Pourtant, chaque nation composante est évaluée à la vigueur de son attachement à l'oeuvre collective. Aucune ne tire gloire de son ingratitude, la mieux cachée possible.

À chaque jour sa crise européenne. Ces jours-ci, c'était l'Italie. Qui a démérité de l'Union par sa gestion, et a fini par retourner l'accusation, chargeant l'Union de tous ses malheurs.

Le peuple italien en a tiré les conséquences en portant au pouvoir ses anti-européens et ses euro-sceptiques. Mais ce qui en aurait résulté était tellement grave, que le Président de la République italienne, disposant de pouvoirs de sauvegarde, a pris l'initiative d'empêcher la majorité politique de jouir de ses droits. Il faudra qu'elle revoie sa copie, ou qu'elle soit revue par le peuple italien, placé devant sa responsabilité.

Quoi qu'on dise, quand il s'agit de courir au secours de l'Europe, c'est souvent de France qu'arrive le chevalier blanc. Depuis un an (comme le temps passe vite!), c'est notre Président, Emmanuel Macron, qui accoure. Il a, sans tarder, donné son appui au Président de la République Italienne, auteur du Coup d'État européen, selon Jean Luc Mélenchon, celui qui a manqué de si peu la présidentielle de 2017*.

C'est courageux et optimiste, car le collège de médecins qui se penche sur le cas de la patiente Europe, dresse la liste des maladies qui se déclarent l'une après l'autre, et mettent en péril la fragile malade.

Après la brexite, contraignant à une amputation,dans la foulée de la grècite, membre sauvé in extremis, il y a la chronique hongrite, non mortelle, mais source de démangeaisons pénibles, la bruyante crise hispano-catalane, voilà l'italite hémorragique (en euros), ses nécessaires transfusions. 

Mais on l'aime tellement, l'Italie, qu'on va faire tout pour la sauver....si elle le veut bien!

Et nous, la France, comment ça va?
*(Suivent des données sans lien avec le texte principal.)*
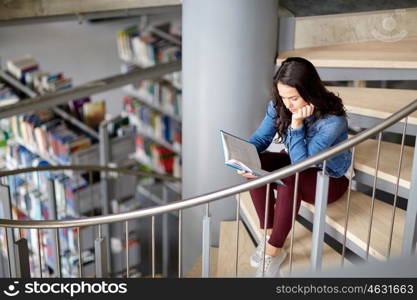 education, high school, university, learning and people concept - student girl reading book sitting on stairs at library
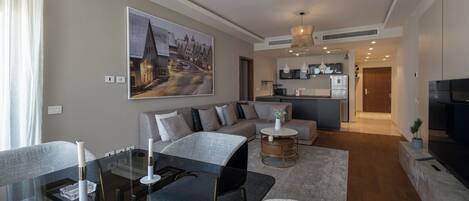 Comfort Apartment, 2 Bedrooms, City View, Executive Level | Living area | 65-inch Smart TV with digital channels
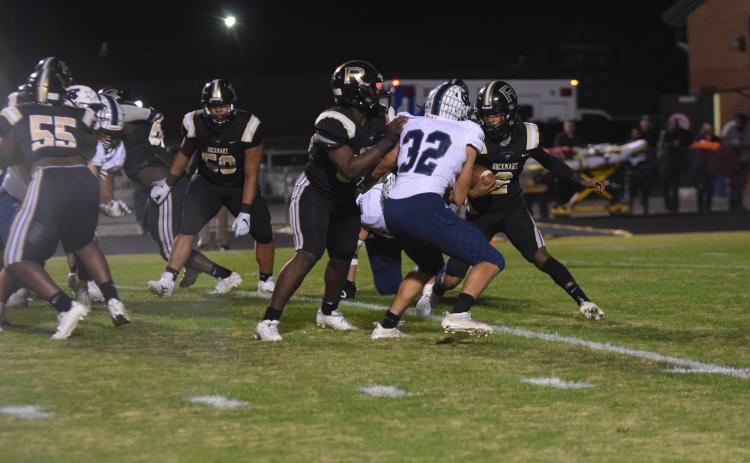 White County's Reece Dockery, No. 32, comes up to tackle Rockmart quarterback Javin Whatley during the opeing drive of the game. 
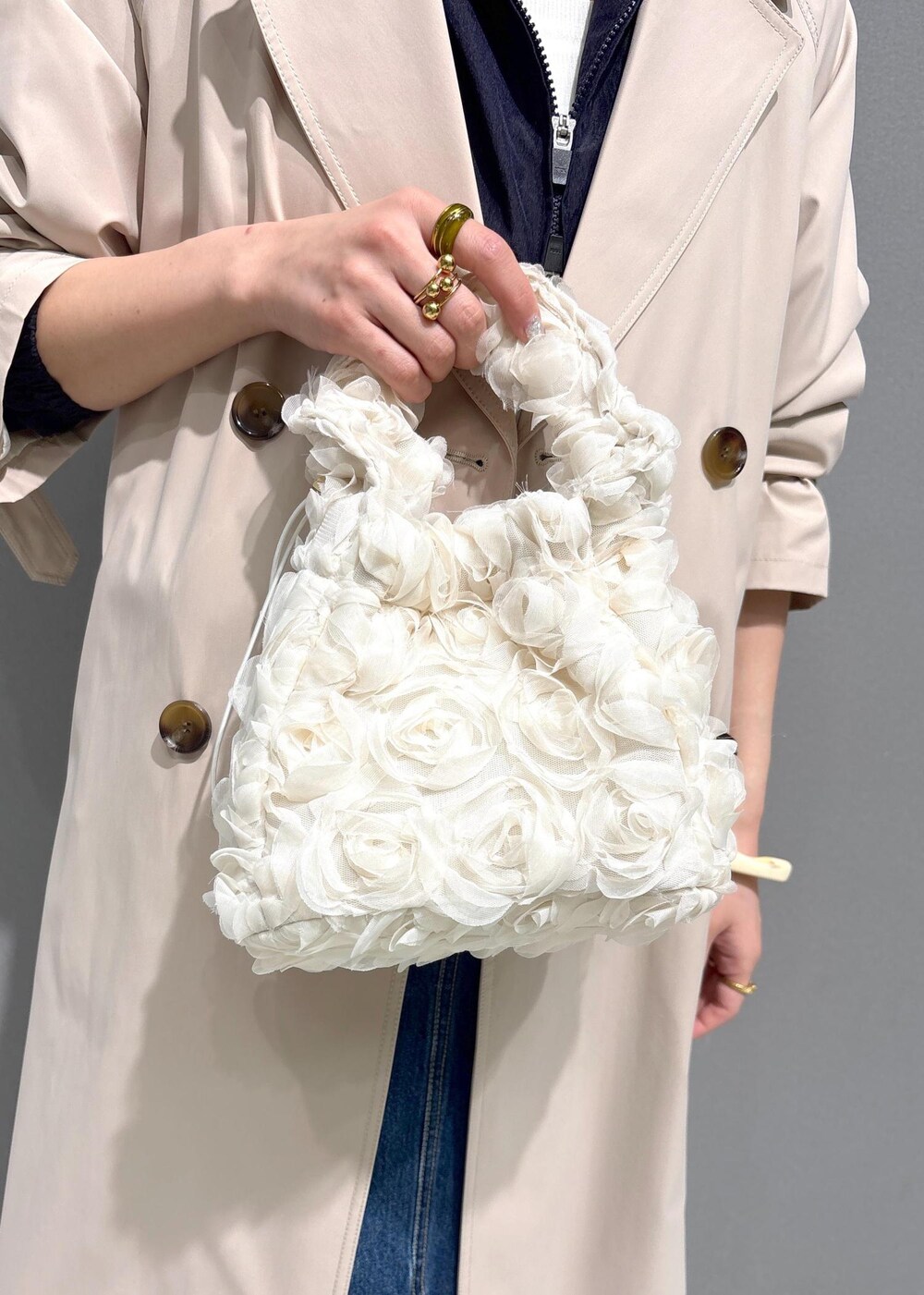 ブルー系のデニムスカート、ブルー系のブルゾン、ベージュ系のトレンチコートを着用したレディースの春コーディネートの9枚目の写真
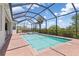 Gorgeous screened-in pool area with brick pavers, perfect for relaxing and entertaining outdoors at 14556 Gaspar Loop, Port Charlotte, FL 33981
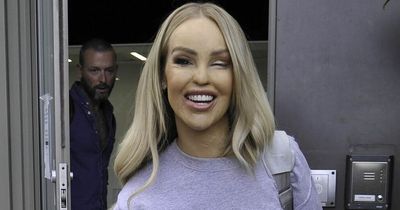 Katie Piper gives a smile as she's seen for the first time since emergency eye surgery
Bof! Ça fait mal partout. La coulchite**, que d'autres nomment hypochondrie. On n'en meurt pas, mais on n'est jamais bien, il y a toujours un "pet de travers"! En ce moment, on n'est pas en train.

Mais comme c'est notre Président qui se précipite au secours de l'Europe, nous comptons bien sur l'application du même traitement, avec la même conscience professionnelle.

Sceptique

*JLM a fait, et refait, le décompte des voix....le compte n'y est pas. Mais le Conseil Constitutionnel, complice, s'obstine.

**Du mot d'arabe dialectal algérien "coulchi", "tout"(fait mal).